Google is expanding its Android-based earthquake detection and alert system, filling in gaps in places where there are few seismometers and no early warning systems. Starting today, the program that launched in California last year will also be available in Greece and New Zealand.
This also marks a new step for Google; it’s the first time the company will handle everything from detecting the earthquake to warning individuals. Android devices will first sense waves generated by quakes. Google then analyzes data from the phones and sends out an early warning alert to users in the affected area. Users will get the alerts automatically unless they opt out of the service.
When Google started on this endeavor, it worked with the United States Geological Survey and the California Governor’s Office of Emergency Services to send earthquake alerts to Android users in California. This feature is now available in Oregon and will expand to Washington in May. Last year, Google started gathering earthquake data from phones. It then used that data to provide information to users if they searched for “earthquake” or “earthquake near me” on their phones.

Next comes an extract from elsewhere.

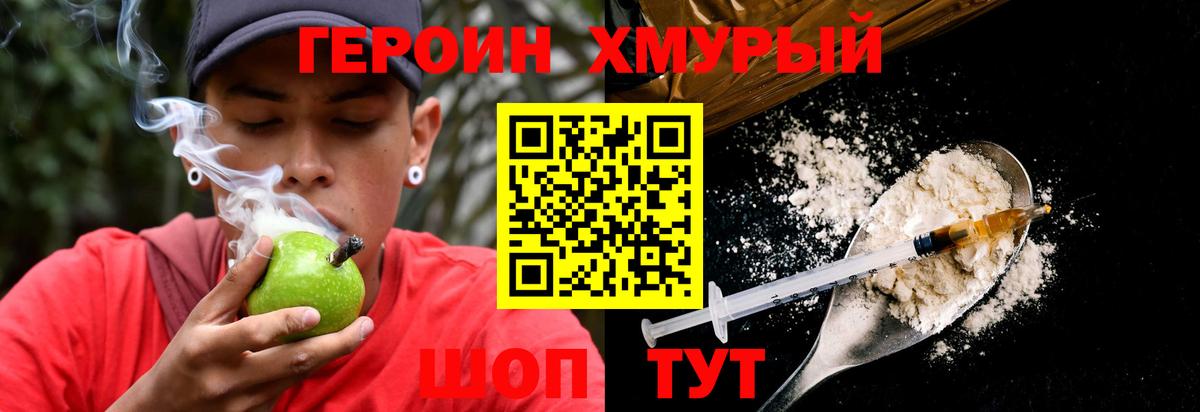 Героин  Кирово-Чепецк  Героин VHQ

Google’s system works because each phone is already equipped with an accelerometer, which can detect movement. The accelerometer can also detect primary and secondary earthquake waves, almost acting as a “mini seismometer, joining millions of other Android phones out there to form the world’s largest earthquake detection network,” according to Google. Seismometers are devices that detect ground movement, like earthquakes.
“It’d be great if there were just seismometer-based systems everywhere that could detect earthquakes,” Marc Stogaitis, principle Android software engineer at Google, told The Verge last year. Because of costs and maintenance, he says, “that’s not really practical and it’s unlikely to have global coverage.”

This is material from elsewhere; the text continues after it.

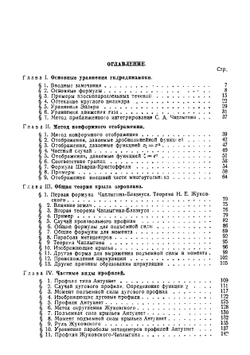 Теория крыла аэроплана в плоскопараллельном потоке | В.В. Голубев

There are some limitations to Google’s system. People closest to the quake probably won’t get much advance warning since they’ll be the first ones to detect the quake. But their phones will help give a heads-up to others farther away, giving them crucial time to take shelter.
Android is the leading OS system for smartphones, so this service has a lot of room to grow. Eventually, Google could develop an API based on its earthquake detection system that could have farther-reaching effects. Other systems could use the API to let people off an elevator or open firehouse doors before losing power, Dieter Bohn wrote for The Verge last year. That’s still pretty far off but could make a huge difference in keeping people safe during future earthquakes.